Exercise goal:
From the material below, tally every line containing "white"; reply with the total only.

Source material:

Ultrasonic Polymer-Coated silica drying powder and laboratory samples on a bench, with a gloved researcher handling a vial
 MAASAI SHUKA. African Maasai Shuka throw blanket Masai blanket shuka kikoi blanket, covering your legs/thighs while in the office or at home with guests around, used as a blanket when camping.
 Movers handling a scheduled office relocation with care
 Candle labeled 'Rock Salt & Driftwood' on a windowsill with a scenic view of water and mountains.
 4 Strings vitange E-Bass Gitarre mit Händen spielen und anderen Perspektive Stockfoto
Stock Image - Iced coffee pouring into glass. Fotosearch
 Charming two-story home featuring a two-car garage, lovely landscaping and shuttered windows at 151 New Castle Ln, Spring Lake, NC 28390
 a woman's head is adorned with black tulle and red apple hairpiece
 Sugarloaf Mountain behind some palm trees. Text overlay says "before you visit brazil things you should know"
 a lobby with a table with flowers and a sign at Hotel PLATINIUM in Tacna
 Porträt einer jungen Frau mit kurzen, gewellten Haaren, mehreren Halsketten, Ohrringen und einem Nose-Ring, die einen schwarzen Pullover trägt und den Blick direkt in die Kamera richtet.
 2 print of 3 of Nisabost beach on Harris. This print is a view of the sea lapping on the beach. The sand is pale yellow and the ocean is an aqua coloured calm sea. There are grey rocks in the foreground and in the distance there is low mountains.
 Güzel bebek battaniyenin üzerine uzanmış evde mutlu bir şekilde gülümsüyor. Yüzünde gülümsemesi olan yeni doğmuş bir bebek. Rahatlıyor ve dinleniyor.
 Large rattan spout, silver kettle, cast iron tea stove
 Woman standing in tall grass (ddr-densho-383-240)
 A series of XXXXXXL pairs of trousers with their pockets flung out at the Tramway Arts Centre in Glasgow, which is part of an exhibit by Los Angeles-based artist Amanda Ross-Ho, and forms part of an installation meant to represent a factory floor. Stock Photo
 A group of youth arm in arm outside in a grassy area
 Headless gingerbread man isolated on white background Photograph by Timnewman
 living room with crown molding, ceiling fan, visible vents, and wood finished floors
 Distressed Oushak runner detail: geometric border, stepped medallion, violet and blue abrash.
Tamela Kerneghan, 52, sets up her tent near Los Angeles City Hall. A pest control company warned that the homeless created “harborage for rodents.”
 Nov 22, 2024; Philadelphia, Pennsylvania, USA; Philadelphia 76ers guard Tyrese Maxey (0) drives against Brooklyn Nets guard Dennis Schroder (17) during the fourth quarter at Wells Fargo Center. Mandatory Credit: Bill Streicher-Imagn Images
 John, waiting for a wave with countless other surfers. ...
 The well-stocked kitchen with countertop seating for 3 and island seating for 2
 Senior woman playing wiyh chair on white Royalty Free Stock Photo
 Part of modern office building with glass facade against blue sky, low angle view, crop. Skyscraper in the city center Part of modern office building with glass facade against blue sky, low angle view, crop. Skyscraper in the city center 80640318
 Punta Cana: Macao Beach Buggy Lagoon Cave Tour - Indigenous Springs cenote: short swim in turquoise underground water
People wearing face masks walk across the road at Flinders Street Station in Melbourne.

Written solution:
2